1. What is your name?

David, though I have had a series of other usernames, including wrinkly, Oxherd, Dudders and AspieDad. I'm pretty sure those are all the ones which were active for any length of time, but there may have been others that I have forgotten.

2. Tell us something about you, your background, and what you've been up to lately?

I've spent over three decades in the publishing business, writing for a living. A couple of years ago, the North Atlantic recession swept in and we – my long-term partner Iza and I – needed a bit more money. More money to see our kids through college; more money to feed my wine-drinking habit; more money to fund a retirement plan.

So we set up our own publishing business, buying a moribund magazine title and turning it to profit.

Like any home business, it takes a lot of time and a lot of energy for fairly modest reward. The good news is that now I have my own iMac, a pile of fancy software and I have learned to drive Photoshop, Indesign, Flash and Acrobat Pro fairly expertly.

Not only that, but both Iza and I have learned a lot about selling; about pricing; about the market and about the magazine publishing industry. We've also earned enough to know we can fund the college fees, buy a few bottles of wine and think about a retirement fund. So not too bad a result for a couple of years' hard work.

Lately, my other full-time job has become a bit more active, so I spend more time travelling to China, the US, India and other interesting parts of the world, exploring strange new cultures and seeking out new processors of rubber.

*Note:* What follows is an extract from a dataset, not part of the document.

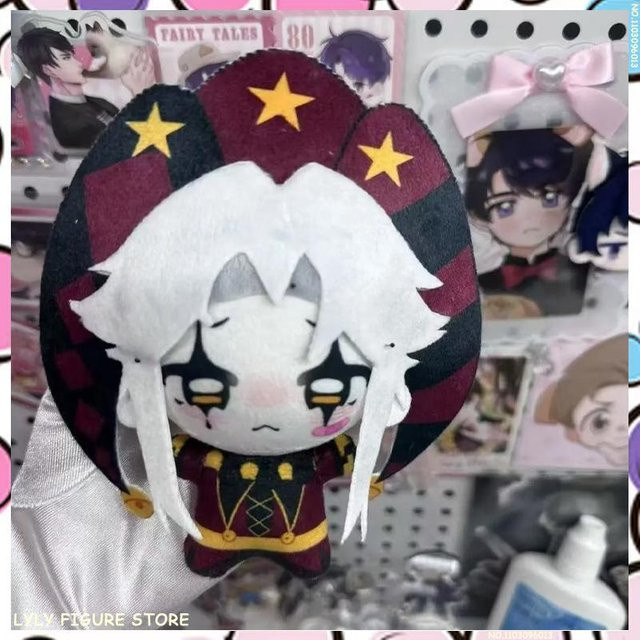 Yiran toy Pierrot Der Freak Zirkusfreaks Plüschtier, 10cm, ab 14 Jahren - Bild 1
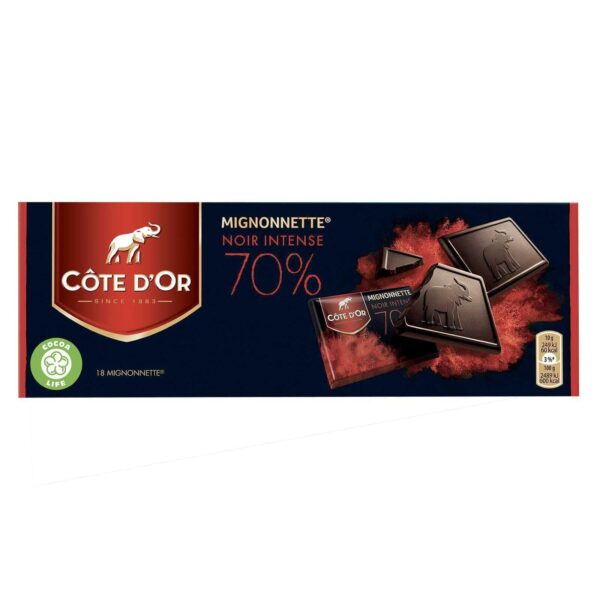 Côte d'Or Sensations 70% Brut Dark Chocolate 100g - Image 3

All that, together with writing the odd market research study; looking after a 17- and a 14-year old, and other necessities of a suburban life, does not leave a lot of time for resource-intensive activities, such as E2.

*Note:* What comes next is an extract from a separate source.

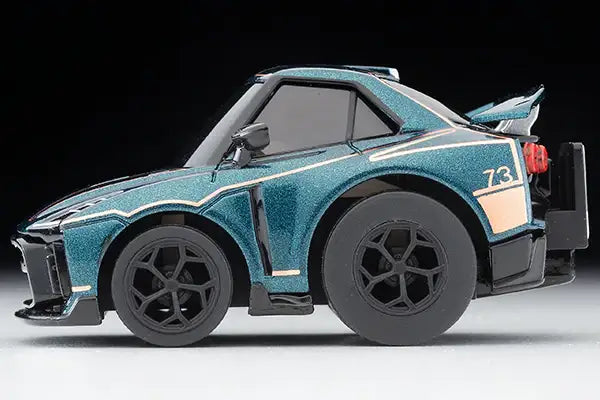 Tomytec ChoroQ Zero Z-81c Nissan GT-R50 by Italdesign (dark green)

3. How did you discover Everything, and how did you become a noder?

I was one of the early ones who was not a regular on Slashdot. In fact, I discovered Slashdot only after seeing it referenced by other E2 users.

Instead, I was part of the influx as E2 went mainstream – or as mainstream as it ever got.

I want to pay tribute for a moment.

E2 was the first serious site which in which the visible front end was built of nothing but user-generated content. Slashdot and E1 were the precursors but E2 was the first website to truly hand over full responsibility to the user base for generating substantial pieces of content.

That was before Facebook; before Twitter; before Wikipedia. This website is a little piece of internet history. Nate, Bones and the rest of the EDC invented Web 2.0.

Treasure it.

Back in 2001, I was bored in my job. One Friday afternoon I was searching for something to do and found a post on some random website by a participant in E2 – I think it was Dragon Dave – with a link to a site which, he said, could easily consume a few hours on a quiet Friday afternoon.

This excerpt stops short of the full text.